An implementation of MobileFormer proposed by Yinpeng Chen, Xiyang Dai et al.
[1] Mobile-Former proposed in:
Yinpeng Chen, Xiyang Dai et al., Mobile-Former: Bridging MobileNet and Transformer.
arxiv.org/abs/2108.05895
[2] Dynamtic ReLU proposed in:
Yinpeng Chen, Xiyang Dai et al., Dynamtic ReLU.
arxiv.org/abs/2003.10027v2
[3] Lite-BottleNeck proposed in:
Yunsheng Li, Yinpeng Chen et al., MicroNet: Improving Image Recognition with Extremely Low FLOPs.
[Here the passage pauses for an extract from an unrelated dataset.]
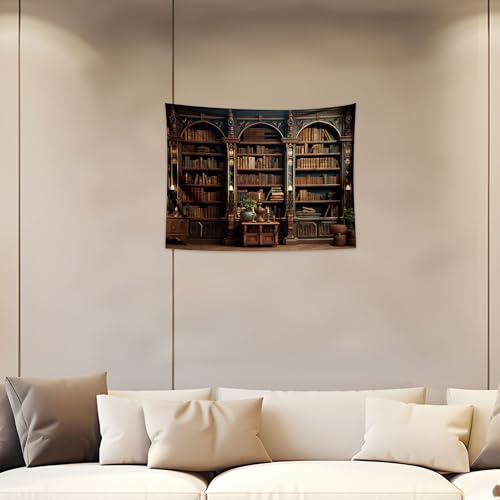 QGHOT Medieval Tapestry Vintage Bookshelf Tapestry Wall Hanging Library Backdrop Bookcase Books Room Wall Covering Victorian Wall Art for Bedroom Extra Large Living Room Decor 37.4" x 28.7" - color: G, size: 28.7"L x 37.4"W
arxiv.org/abs/2108.05894v1
[4] Adam-W proposed in:
Ilya Loshchilov & Frank Hutter, Decoupled Weight Decay Regularization.
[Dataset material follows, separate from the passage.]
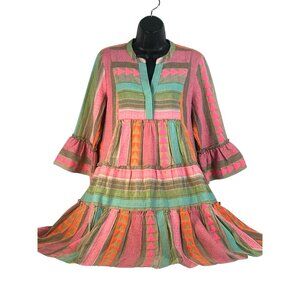 APNY Boho Multicolor Woven‎ Linen Tiered Dress Sz S Bell Sleeves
arxiv.org/abs/1711.05101v3
[5] Mixup proposed in:
Hongyi Zhang, Moustapha Cisse et al., Mixup: Beyond Empircal Risk Minimization.
arxiv.org/abs/1710.09412
[6] Multi-FocalLoss (not used), focal loss is proposed in:
Tsung-Yi Lin, Priya Goyal, Ross Girshick, Kaiming He, Piotr Dollár, Focal Loss for Dense Object Detection.
arxiv.org/abs/1708.02002
(1) Due to the expanded DW conv used in strided Mobile-Former blocks,
the out_channel should be divisible by expand_size of the next block.
(2) Adam-W and Mixup is embedded in train.py.
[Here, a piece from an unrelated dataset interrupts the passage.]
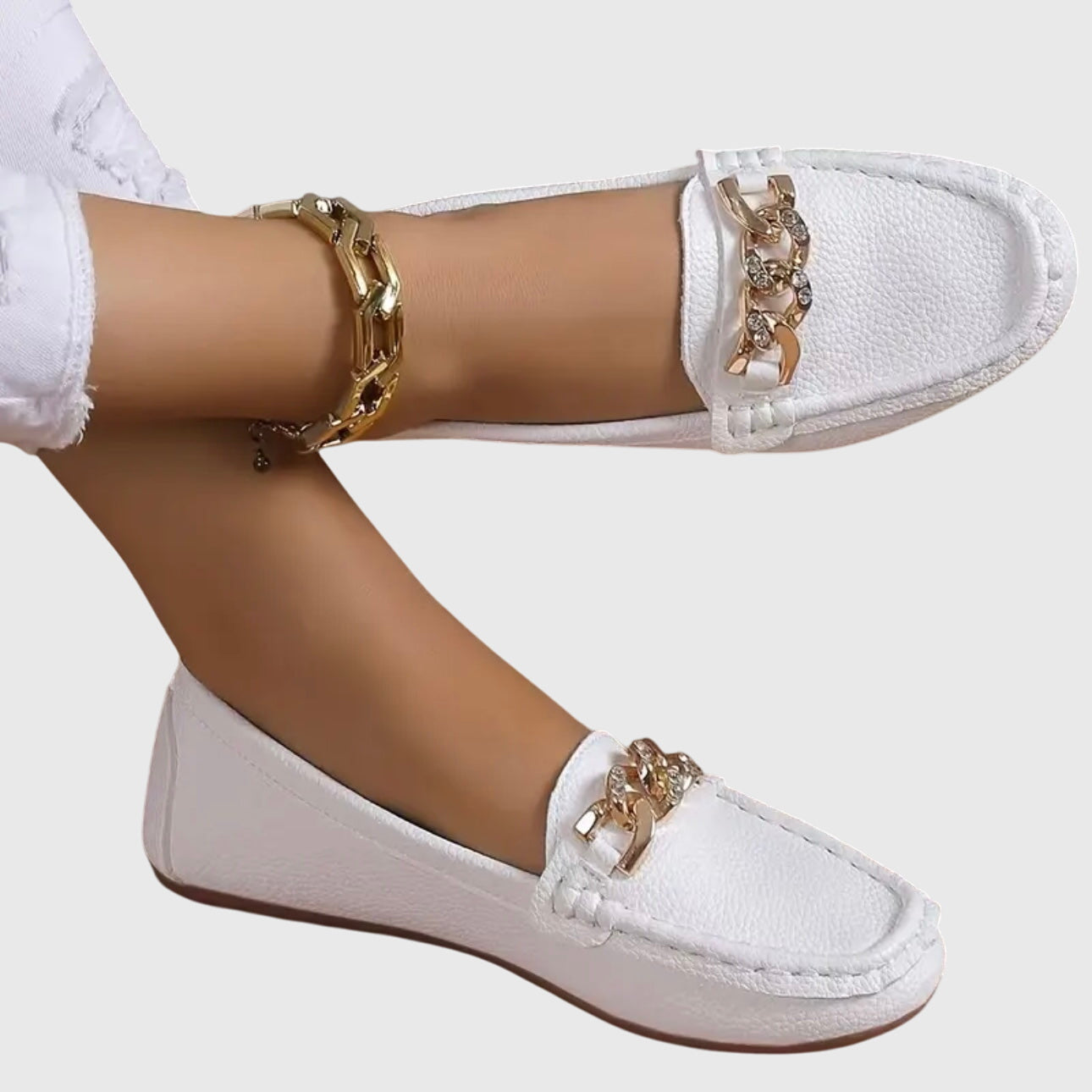 Eden | Flat Diamond Buckle Loafers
(3) Use run() in train.py to train('run') or search('search'). There is an example in the train.py.
No pre-train parameters for now.
Following DeiT, there is an optional learning rate and weight decay set for grid search (if you want):
LR from [5e-4, 3e-4, 5e-5] * batchsize / 256 ( or 512)
WD from [0.03, 0.04, 0.05]
Looooooooong Training for CNN, but for transformer, its ok (maybe).